Data shown:

^^^^^^^^^^^^^^^^

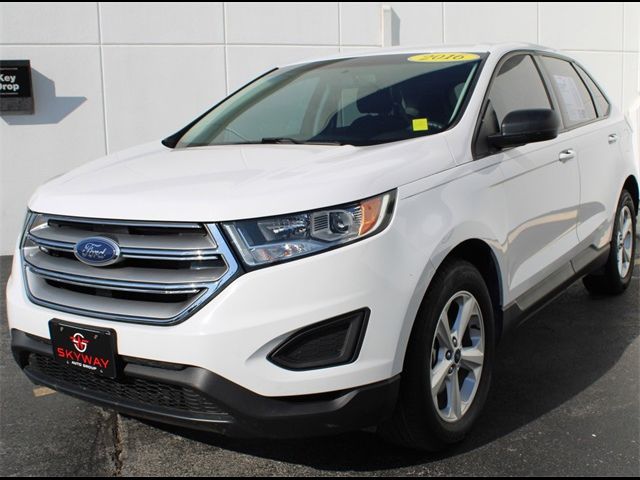 2016 Ford Edge SE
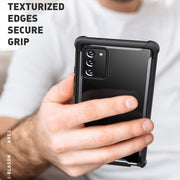 Galaxy Note20 Ares-Black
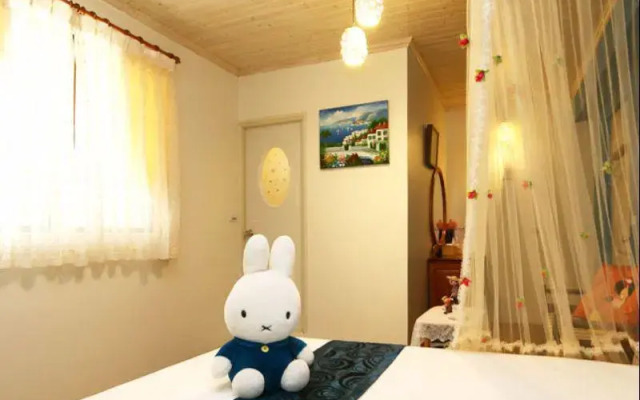 Jia Yuan Bed and Breakfast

^^^^^^^^^^^^^^^^

Work instructions: This exercise asks for the data above to be given again exactly, without pictures.

Output for this exercise:
 2016 Ford Edge SE
 Galaxy Note20 Ares-Black
 Jia Yuan Bed and Breakfast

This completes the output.